INTRO: The experimental tradition of the 1920s-1950s gave way to surveying techniques in the 1950s, b/c surveys seemed to give more insight into why people do what they do and b/c surveys are easily re-used to answer other questions. Further, experiments couldn't address big variables like civic culture, modernization, etc. (pg 807). We can't tell how well our nonrandom (statistical) studies reflect reality unless we actually compare them to experiments.

VALUE: Experiments have greater internal validity --> better causal inference. Unlike with other designs, experimental designs don't require a complete statistical model in advance. (page 810). No risk of data mining due to running scores of regressions. Page 811 lists threats to internal/external validity. You don't need a perfect list of control variables to statistically control for.

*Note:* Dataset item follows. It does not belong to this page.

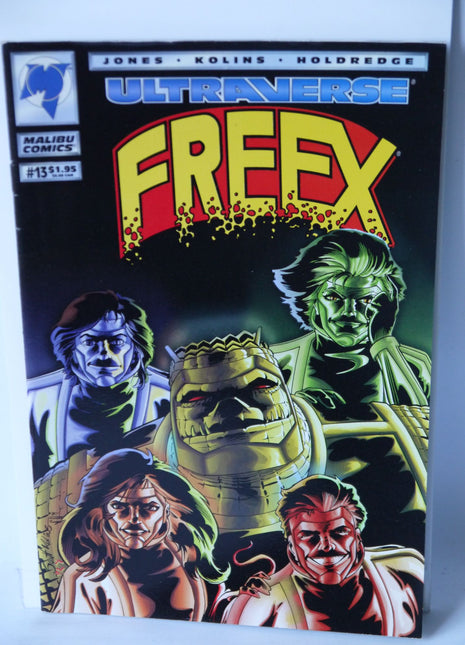 Freex (1993 Malibu) #13 - Mycomicshop.be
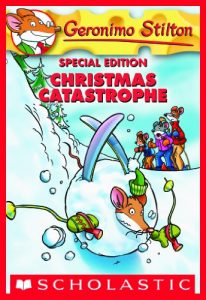 Descargar Geronimo Stilton Special Edition: Christmas Catastrophe pdf, epub, ebook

IN PRACTICE: In statistical studies, our concerns are about legitimacy and spuriousness. In experimental studies, our concerns are external validity: would the same thing happen somewhere else? At a different time? So we repeat the experiment (page 814). Nonexperimental studies might be replicable (external validity), but never be able to present satisfying evidence of internal validity. See example on pages 815-6. **Downstream randomization: "The dependent variables in lab experiments make for highly informative independent variables in subsequent research." (see page 818) --> if you can intervene in a way that alters the independent variable (randomly, as a dependent variable), you can study its effects on some other dependent variable. (page 818).

LIMITATIONS: There are some things that we can't study experimentally. But try to think of one for every subject you study, even if sometimes there isn't one. "Experimentation is possible whenever decision makers face constrained resources and are indifferent between competing ways of allocating them." (page 821). (E.g. if a candidate's campaign has a list of 10,000 supporters it hopes to call before election day but doesn't know whether it will get through the whole list, ask permission to randomize the order of the list. If some people don't get called, they are a random control group. If the whole list gets called, oh well--no experiment this time.) Other limitations also discussed.